Good point Will, and to be honest I'm not entirely sure about the actual goal of the map yet. It's going to be published in a book about "surveillance and the environmental sciences during the Cold War".
Map 4 (Faroe-Shetland) v2b.jpg
Made some changes, mainly the bathymetry color.
You have "2000 m" in bold.
I was professionally involved in surveillance during the Cold War, and in fact it is likely that I know many of the contributors to this volume. In this context surveillance will refer mostly to acoustic undersea surveillance of submarines, which went under the rubric of SOSUS. (See http://www.navy.mil/...ue_25/sosus.htm for an authoritative summary written by one of my former colleagues.) This involved arrays of hydrophones laid at depths of several hundred meters at the head of slopes looking down toward deep water. As the article explains, best results were obtained where water depths reached 3500 m or more. For this reason I would suggest adding a 4000 m contour.
The environmental effects to be covered by the book will no doubt include studies of marine life that make noise that competes with the noise emitted by submarines, surface wind-driven waves, the temperature structure as a function of depth, bottom topography, and the movements of water masses. Individual articles will no doubt have maps and diagrams of their own.
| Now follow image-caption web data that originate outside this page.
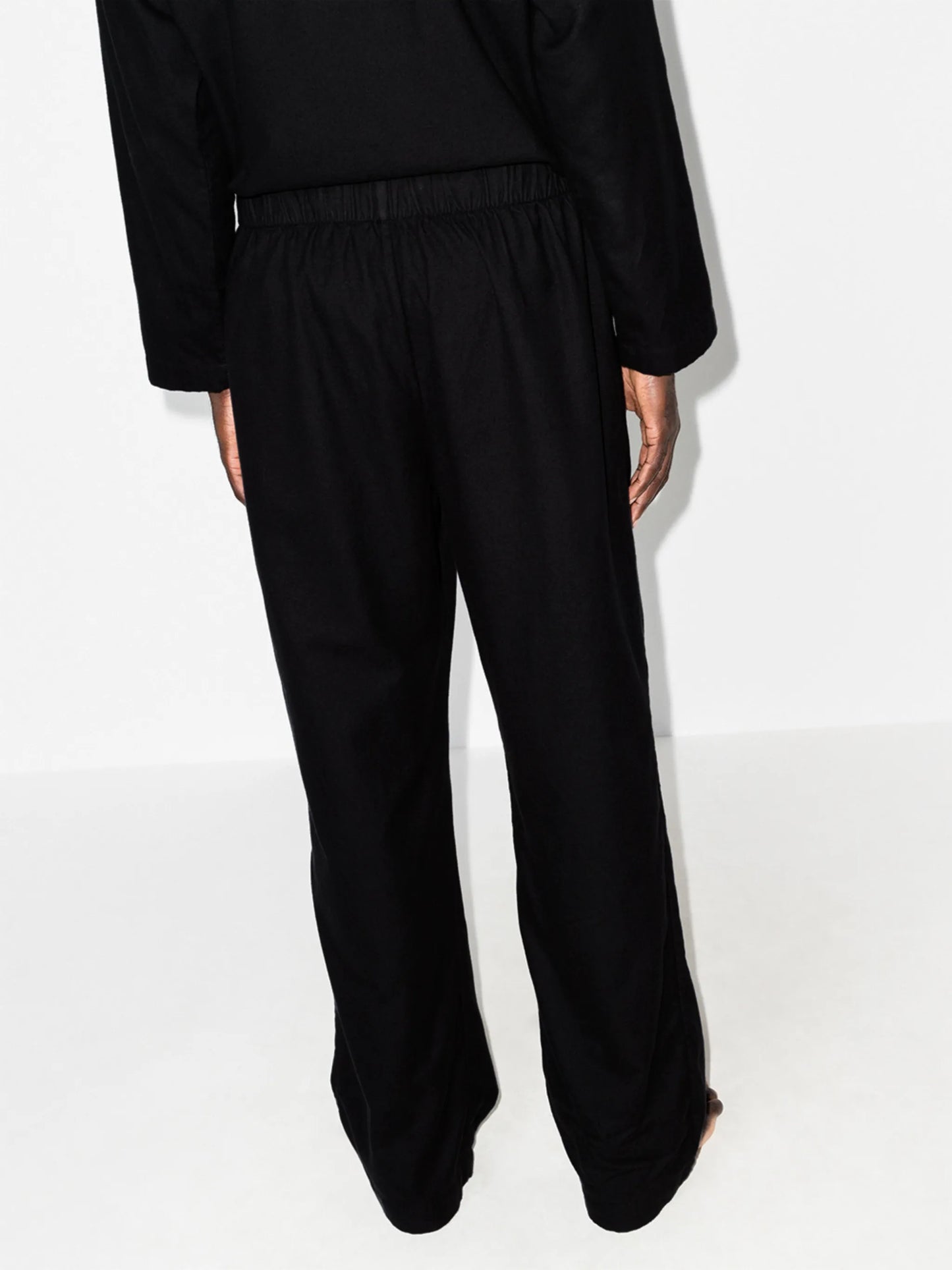straight-leg pajama bottoms
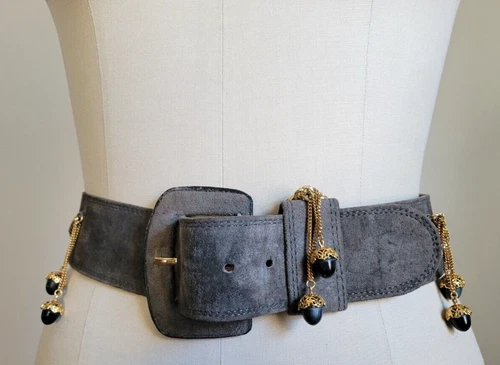 VINTAGE LYNNE LERNER GRAY GENUINE SUEDE BELT w/ HANGING GOLD CHAINS Italy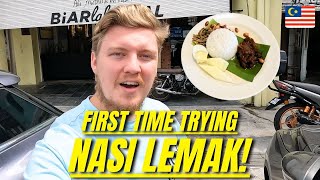 Trying NASI LEMAK For The First Time | KUALA LUMPUR 🇲🇾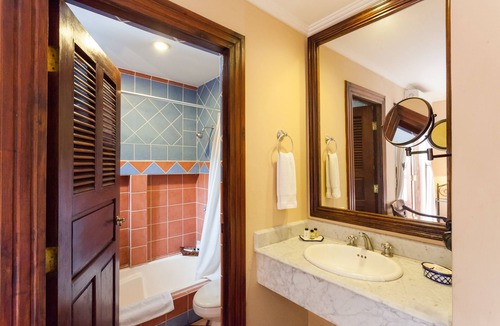 Managua Hotel | Los Robles Charming Colonial Boutique Hotel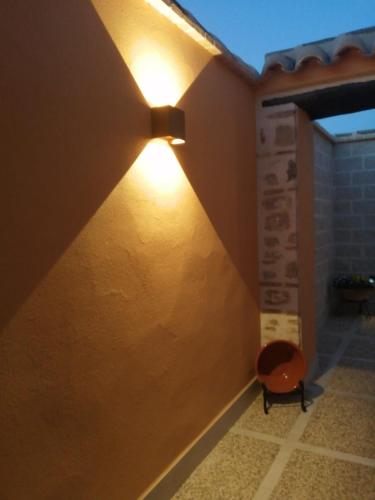 una luz en el lateral de una pared en Pozo De Las Nieves, en Orgaz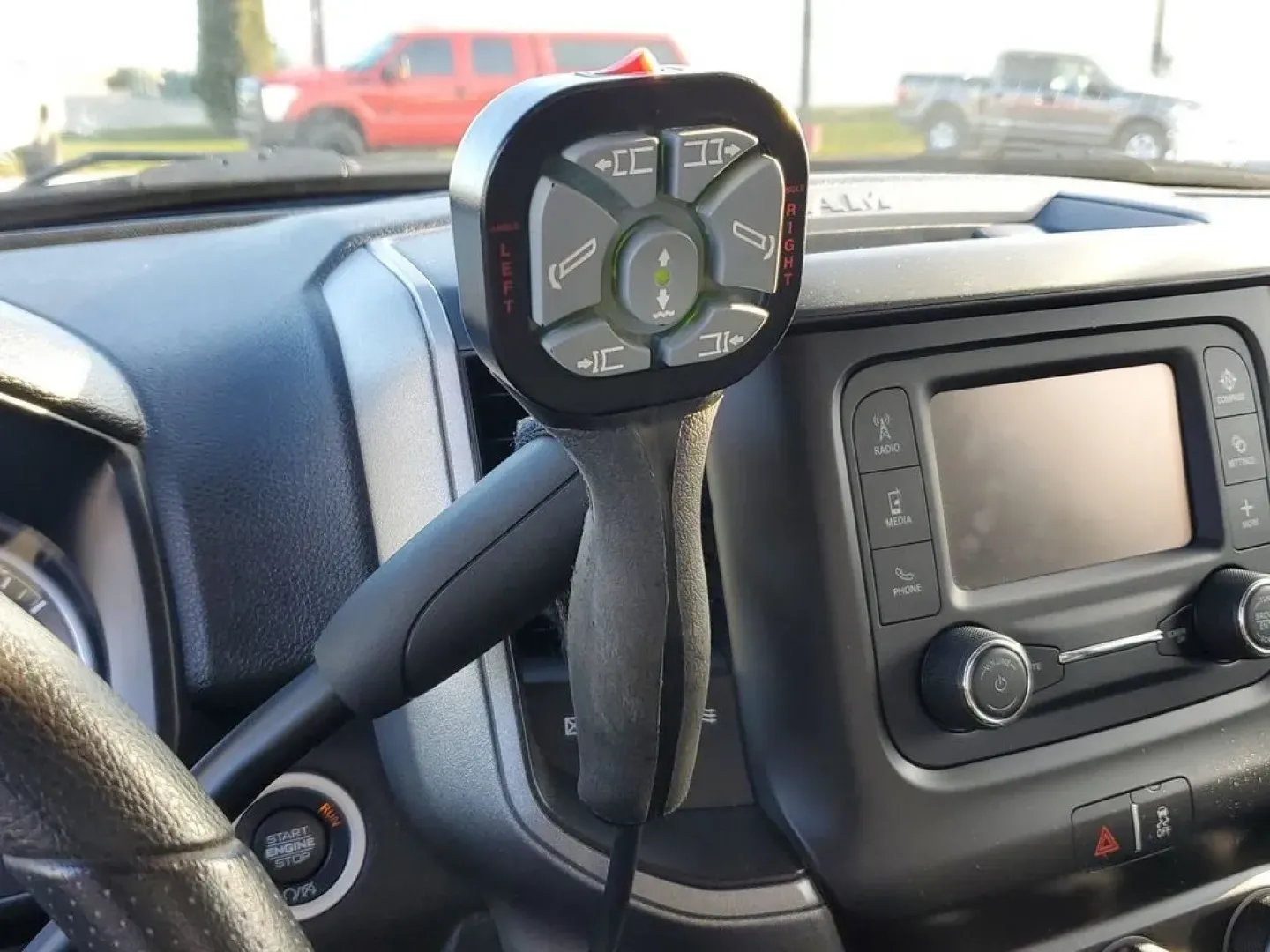 2020 Delmonico Red Pearlcoat /Black Ram 3500 Tradesman (3C63R3AL4LG) with an L6, 6.7L engine, 6-speed automatic transmission, located at 6064 Gull Rd, Kalamazoo, MI, 49048, (269) 222-0088, 42.328388, -85.512924 - **Unleash Your Adventure with the 2020 Ram 3500 Tradesman!** <br /> <br /> Are you ready to elevate your work and play with a powerhouse that blends rugged utility and modern comfort? Look no further than this stunning 2020 Ram 3500 Tradesman Regular Cab 4WD, available at AutoMaxx - Kalamazoo. With - Photo#6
Thus your maps will provide general orientation, and for this purpose I would think they should serve very well.
Am I correct in assuming that the geographic limits were selected by the editors? That, for instance, the exclusion of the Denmark Strait was their choice rather than yours?
To an extent, some of the surveillance systems made redundant by the end of the Cold War have now been turned to the study of the marine environment.